The Hague and Ottawa want the ICJ to order Damascus “to halt an alleged torture program during a long-running war.” They say “there is ample evidence the regime has engaged in systemic gross human rights violations against its own people since 2011.” 

No matter. The Dutch and Canadian complaint came weeks after Assad’s return to regional acceptance. In his Wall Street Journal commentary, Walter Russell Mead noted that “long-time American allies such as Saudi Arabia, Egypt and the United Arab Emirates have flipped from backing the US-led effort to isolate and ultimately overthrow Assad to supporting the Sino-Russian goal of reintegrating him into the regional order.”  

Blowback

Assad’s reintegration progresses even though “he still controls only about 60 percent” of Syria “and about 50 percent of the population,” Adesnik said. “It’s been a Pyrrhic victory” elevating Russia and Iran in Syria. Tehran sees Damascus as part of the “axis of resistance” against Israel and the United States, he added. Russia seeks to leverage Assad’s regional reemergence to bolster its own position vis-à-vis Europe and eventually the United States. 
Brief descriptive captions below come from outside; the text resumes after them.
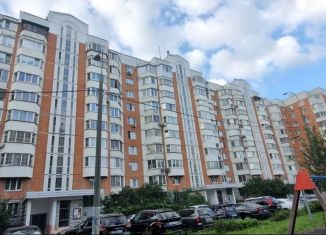 Сдаю 2-ком. квартиру, 57.7 м2, Москва, Южнобутовская улица, 56, метро Улица Горчакова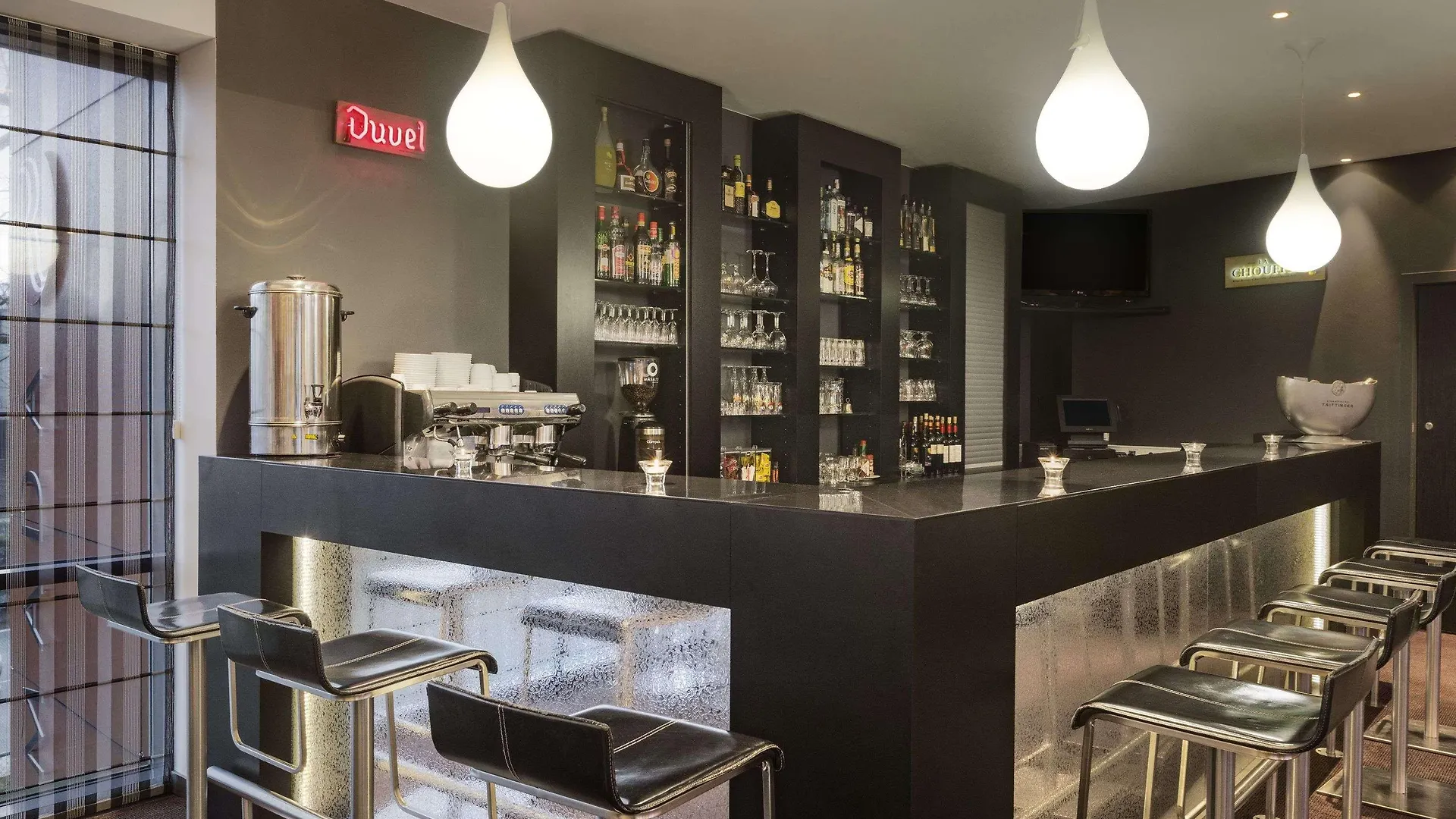 B&B Hotel Brussels East Woluwe Belgien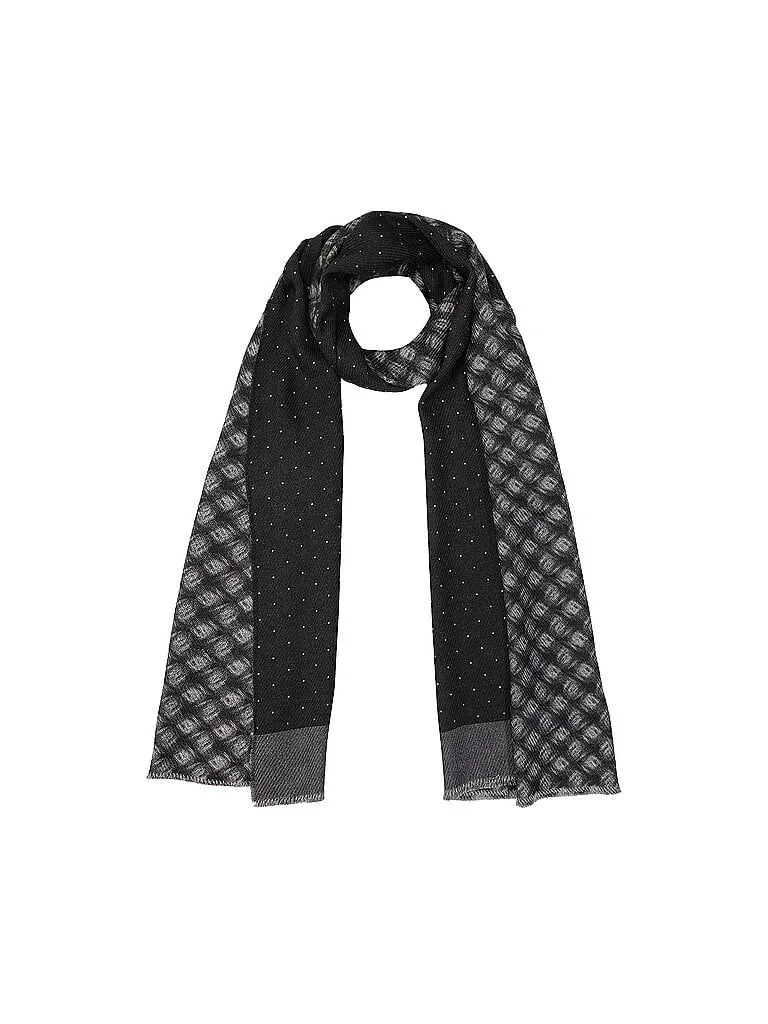 ALTEA Schal schwarz Herren - Altea - FashionsVida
Syria has facilitated Iranian attempts to trans-ship weapons, including precision missiles, to Hezbollah in Lebanon, Adesnik said. Hence the hundreds of airstrikes Israel continues to conduct on Syrian territory. Nevertheless, the IRGC, which supported the Assad regime, persists with attempts to establish bases in Syria close to Israel. 

Washington Post columnist Josh Rogin critically summarized the import of Assad’s Arab League return in a May 31 commentary:

“When Ukrainian President Volodymyr Zelensky spoke to the assembled leaders of the Arab League this month, Syrian President Bashar al-Assad, newly restored to the organization, took off his translation headset and refused to listen. Assad’s mere presence in the hall shows that the Arab League is deaf to Ukraine’s pleas. Arab leaders have thrown in their lot with the Syrian 

butcher and his close ally Russian President Vladimir Putin.

“The Biden administration publicly says it won’t normalize relations with Assad but no longer objects to Arab countries doing so. This is an abdication of 12 years of US commitments to hold Assad accountable for his mass atrocities. It is also a failure to implement US law requiring sanctions on those who aid the Syrian dictator. … [U]nless somebody does something to hold Assad and his enablers accountable, their Syrian and Ukrainian victims won’t be the last.”